Influence of inelastic collisions with hydrogen atoms on the non-LTE line formation for Fe I and Fe II in the 1D model atmospheres of late-type stars

Abstract: Iron plays a crucial role in studies of late-type stars. In their atmospheres, Fe I is the minority species and its lines are subject to the departures from LTE. In contrast, one believes that LTE is a realistic approximation for Fe II lines. The main source of the uncertainties in the non-LTE (NLTE) calculations for cool atmospheres is a treatment of inelastic collisions with hydrogen atoms. We investigate the effect of Fe I + H I and Fe II + H I collisions and their different treatment on the Fe I/Fe II ionisation equilibrium and Fe abundance determinations for Galactic halo benchmark stars HD84937, HD122563, and HD140283 and a sample of 38 very metal-poor giants in the dwarf galaxies with well known distances. We perform the NLTE calculations for Fe I-II with using quantum-mechanical (QM) rate coefficients for collisions with H I from Barklem (2018, B18), Yakovleva, Belyaev, and Kraemer (2018, YBK18), and Yakovleva, Belyaev, and Kraemer (2019).

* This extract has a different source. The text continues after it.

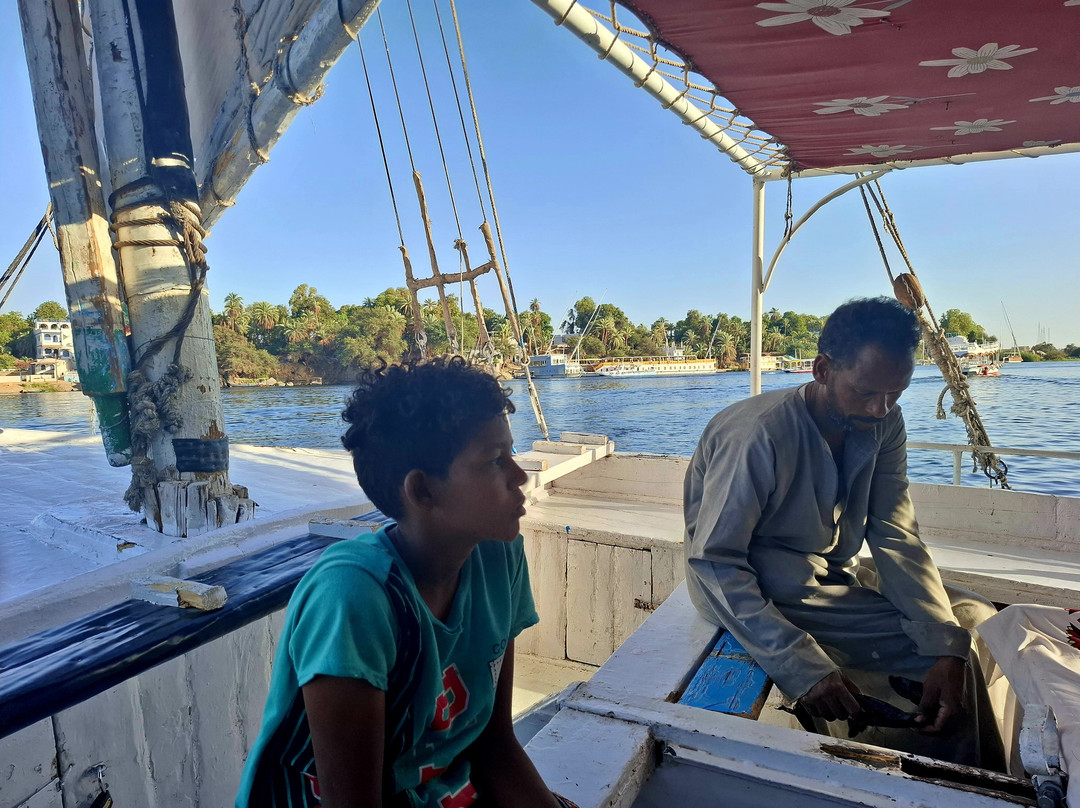 Mena Tour Guide Aswan Luxor景点图片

We find that collisions with H I serve as efficient thermalisation processes for Fe II and the NLTE abundance corrections for Fe II lines do not exceed 0.02 dex at [Fe/H] > -3 and reach +0.06~dex at [Fe/H] ~ -4. For given star, the B18 and YBK18 treatments of Fe I + H I collisions lead to similar average NLTE abundances from Fe I lines, although there exist discrepancies in the NLTE corrections for individual lines. With using QM collisional data and the Gaia based surface gravity, we obtain consistent abundances from Fe I and Fe II for a red giant HD122563. For HD84937 and HD140283, we study the Fe lines in the visible and the UV (1968-2990 A) range. For both Fe I and Fe II, abundances from the visible and UV lines are consistent. The abundances from Fe I and Fe II agree within 0.10 and 0.13 dex in the YBK18 and B18 cases. The Fe I/Fe II ionisation equilibrium is achieved for each [Fe/H] > -3.5 star of our dwarf galaxy sample.